Pictures stay out. Everything else in the entries is copied exactly.

**SUPPLIED MATERIAL:**
* * * * * * * * *

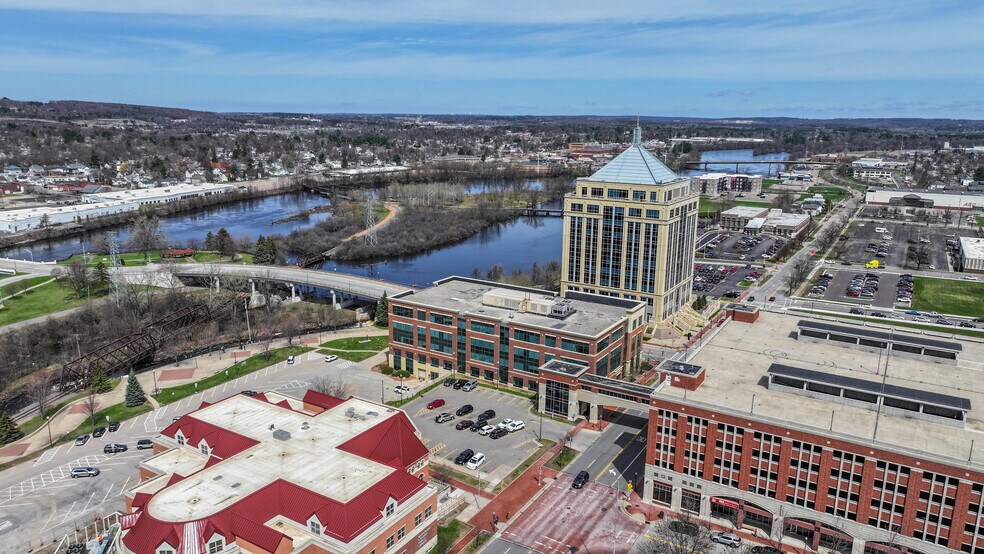 More Photos Of 11 Scott St, Wausau Office For Lease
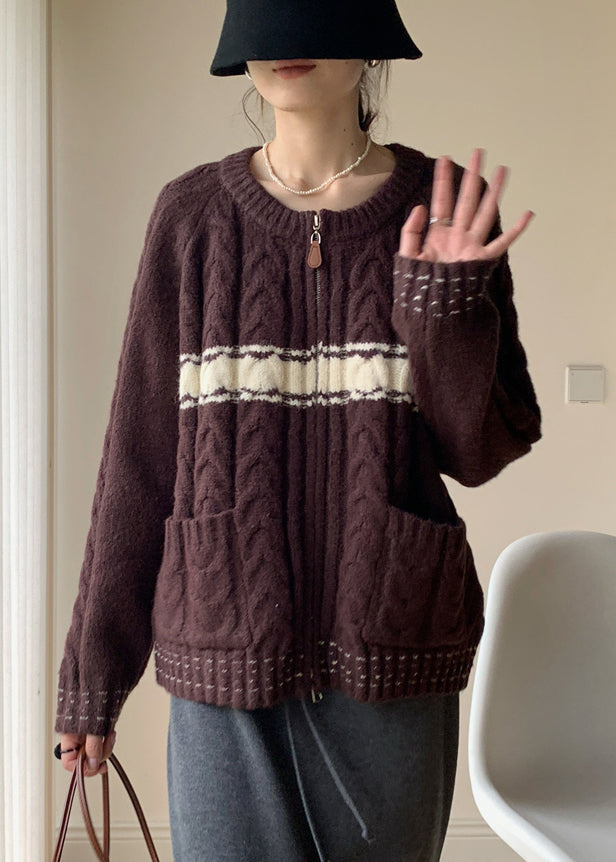 Beautifully Finished Sweater in a Timeless Design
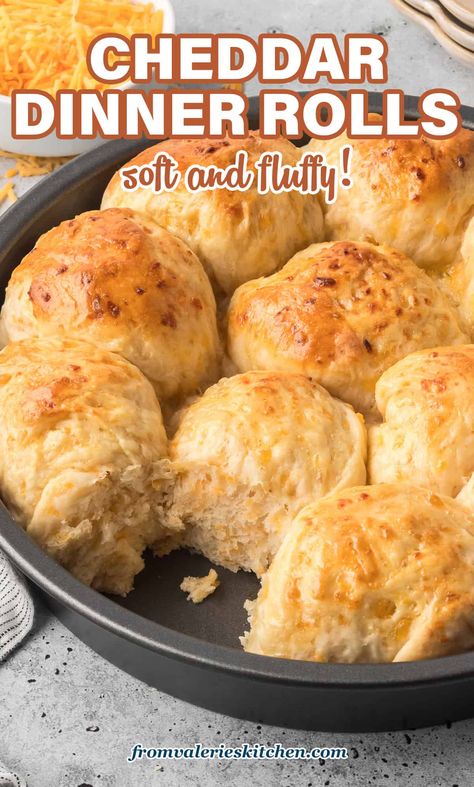 Cheesy Dinner Rolls, Cheddar Cheese Bread Recipe, Pan Rolls, Cheese Bread Rolls, Cheesy Rolls, Cheese Roll Recipe, Cheddar Recipes, Cheese Bread Sticks, Garlic Cheddar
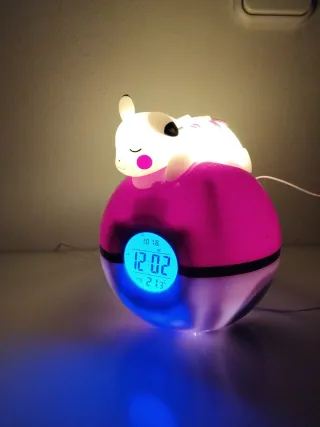 Radio-reloj despertador Pikachu Pokebola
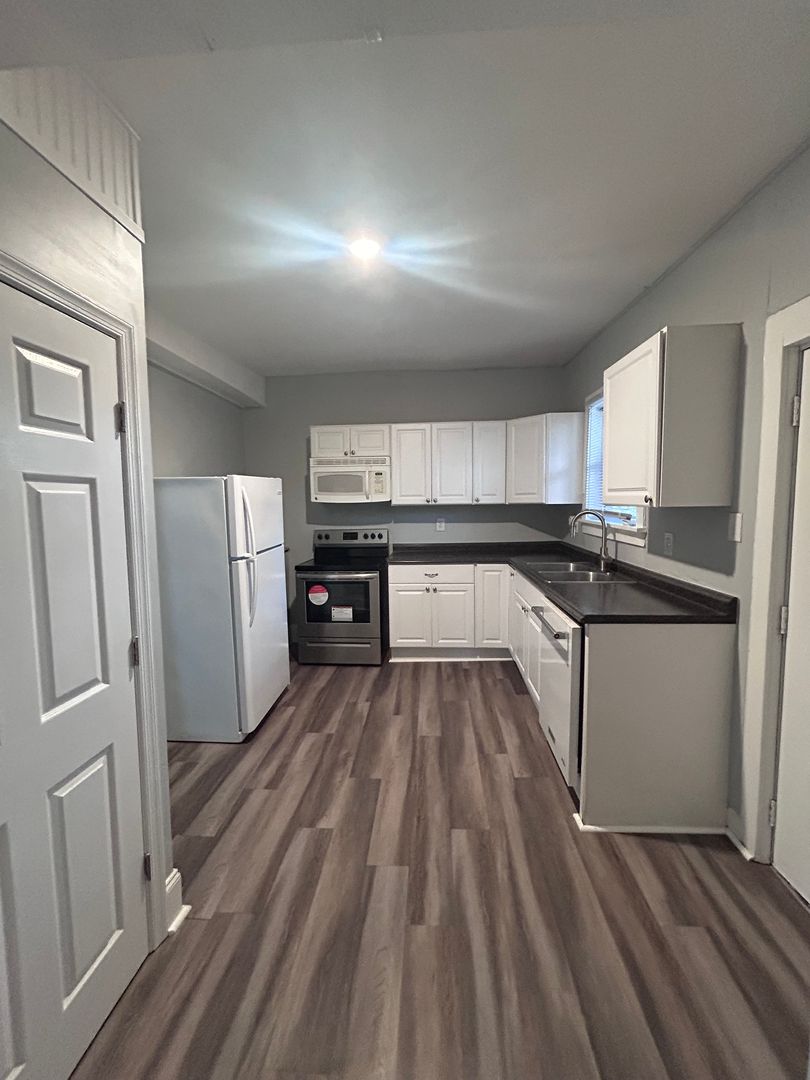 Richmond Apartment: 2915 Hull St Unit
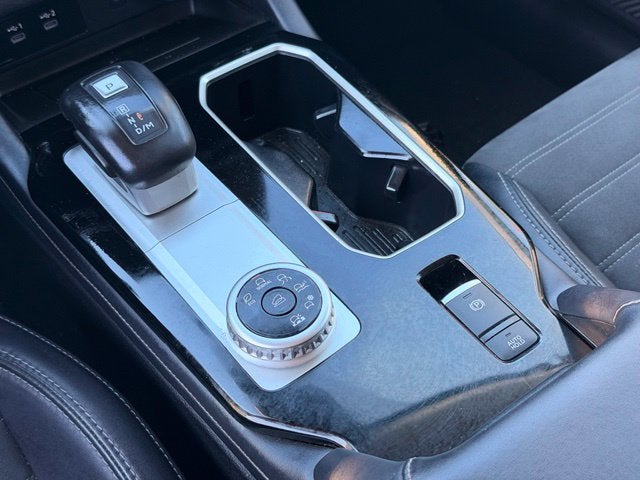 2025 Mitsubishi Outlander Base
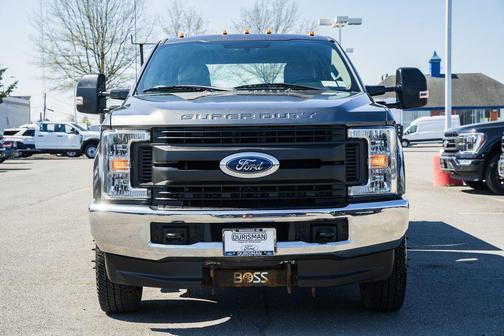 MAGNETIC 2018 Ford F-350 XL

* * * * * * * * *

**ANSWER FOR THE TASK:**
 More Photos Of 11 Scott St, Wausau Office For Lease
 Beautifully Finished Sweater in a Timeless Design
 Cheesy Dinner Rolls, Cheddar Cheese Bread Recipe, Pan Rolls, Cheese Bread Rolls, Cheesy Rolls, Cheese Roll Recipe, Cheddar Recipes, Cheese Bread Sticks, Garlic Cheddar
 Radio-reloj despertador Pikachu Pokebola
 Richmond Apartment: 2915 Hull St Unit
 2025 Mitsubishi Outlander Base
 MAGNETIC 2018 Ford F-350 XL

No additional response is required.